What is expected
Restate every record exactly, with nothing skipped.

** Supplied records follows **

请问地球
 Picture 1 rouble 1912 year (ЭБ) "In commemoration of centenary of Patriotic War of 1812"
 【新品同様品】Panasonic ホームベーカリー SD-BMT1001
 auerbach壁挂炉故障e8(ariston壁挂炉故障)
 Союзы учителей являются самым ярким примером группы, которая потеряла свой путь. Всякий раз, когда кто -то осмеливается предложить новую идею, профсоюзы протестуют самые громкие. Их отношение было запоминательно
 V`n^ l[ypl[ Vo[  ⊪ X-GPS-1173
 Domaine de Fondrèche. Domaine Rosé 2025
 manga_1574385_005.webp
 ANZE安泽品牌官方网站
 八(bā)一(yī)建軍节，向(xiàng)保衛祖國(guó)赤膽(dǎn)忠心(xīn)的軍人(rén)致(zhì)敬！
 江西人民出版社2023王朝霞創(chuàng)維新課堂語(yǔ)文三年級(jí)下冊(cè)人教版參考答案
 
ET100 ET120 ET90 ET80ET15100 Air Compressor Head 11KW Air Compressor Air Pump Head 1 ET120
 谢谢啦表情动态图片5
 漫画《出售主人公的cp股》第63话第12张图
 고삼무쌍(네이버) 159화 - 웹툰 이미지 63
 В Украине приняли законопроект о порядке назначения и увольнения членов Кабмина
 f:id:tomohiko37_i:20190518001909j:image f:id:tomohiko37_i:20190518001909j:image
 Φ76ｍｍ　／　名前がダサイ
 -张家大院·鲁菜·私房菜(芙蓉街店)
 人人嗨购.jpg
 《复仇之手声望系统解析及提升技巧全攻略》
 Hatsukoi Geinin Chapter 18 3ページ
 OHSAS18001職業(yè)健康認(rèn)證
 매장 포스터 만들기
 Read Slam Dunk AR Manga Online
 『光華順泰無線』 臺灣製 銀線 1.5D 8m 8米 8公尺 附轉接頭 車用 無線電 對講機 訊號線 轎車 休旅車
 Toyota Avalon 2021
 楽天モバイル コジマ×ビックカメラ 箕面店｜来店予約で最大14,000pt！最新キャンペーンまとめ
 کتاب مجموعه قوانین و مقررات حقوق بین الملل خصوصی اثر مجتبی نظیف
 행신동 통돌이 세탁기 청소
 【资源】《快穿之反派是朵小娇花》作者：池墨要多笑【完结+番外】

** End of Supplied records **

Output below
请问地球
 Picture 1 rouble 1912 year (ЭБ) "In commemoration of centenary of Patriotic War of 1812"
 【新品同様品】Panasonic ホームベーカリー SD-BMT1001
 auerbach壁挂炉故障e8(ariston壁挂炉故障)
 Союзы учителей являются самым ярким примером группы, которая потеряла свой путь. Всякий раз, когда кто -то осмеливается предложить новую идею, профсоюзы протестуют самые громкие. Их отношение было запоминательно
 V`n^ l[ypl[ Vo[  ⊪ X-GPS-1173
 Domaine de Fondrèche. Domaine Rosé 2025
 manga_1574385_005.webp
 ANZE安泽品牌官方网站
 八(bā)一(yī)建軍节，向(xiàng)保衛祖國(guó)赤膽(dǎn)忠心(xīn)的軍人(rén)致(zhì)敬！
 江西人民出版社2023王朝霞創(chuàng)維新課堂語(yǔ)文三年級(jí)下冊(cè)人教版參考答案
 
ET100 ET120 ET90 ET80ET15100 Air Compressor Head 11KW Air Compressor Air Pump Head 1 ET120
 谢谢啦表情动态图片5
 漫画《出售主人公的cp股》第63话第12张图
 고삼무쌍(네이버) 159화 - 웹툰 이미지 63
 В Украине приняли законопроект о порядке назначения и увольнения членов Кабмина
 f:id:tomohiko37_i:20190518001909j:image f:id:tomohiko37_i:20190518001909j:image
 Φ76ｍｍ　／　名前がダサイ
 -张家大院·鲁菜·私房菜(芙蓉街店)
 人人嗨购.jpg
 《复仇之手声望系统解析及提升技巧全攻略》
 Hatsukoi Geinin Chapter 18 3ページ
 OHSAS18001職業(yè)健康認(rèn)證
 매장 포스터 만들기
 Read Slam Dunk AR Manga Online
 『光華順泰無線』 臺灣製 銀線 1.5D 8m 8米 8公尺 附轉接頭 車用 無線電 對講機 訊號線 轎車 休旅車
 Toyota Avalon 2021
 楽天モバイル コジマ×ビックカメラ 箕面店｜来店予約で最大14,000pt！最新キャンペーンまとめ
 کتاب مجموعه قوانین و مقررات حقوق بین الملل خصوصی اثر مجتبی نظیف
 행신동 통돌이 세탁기 청소
 【资源】《快穿之反派是朵小娇花》作者：池墨要多笑【完结+番外】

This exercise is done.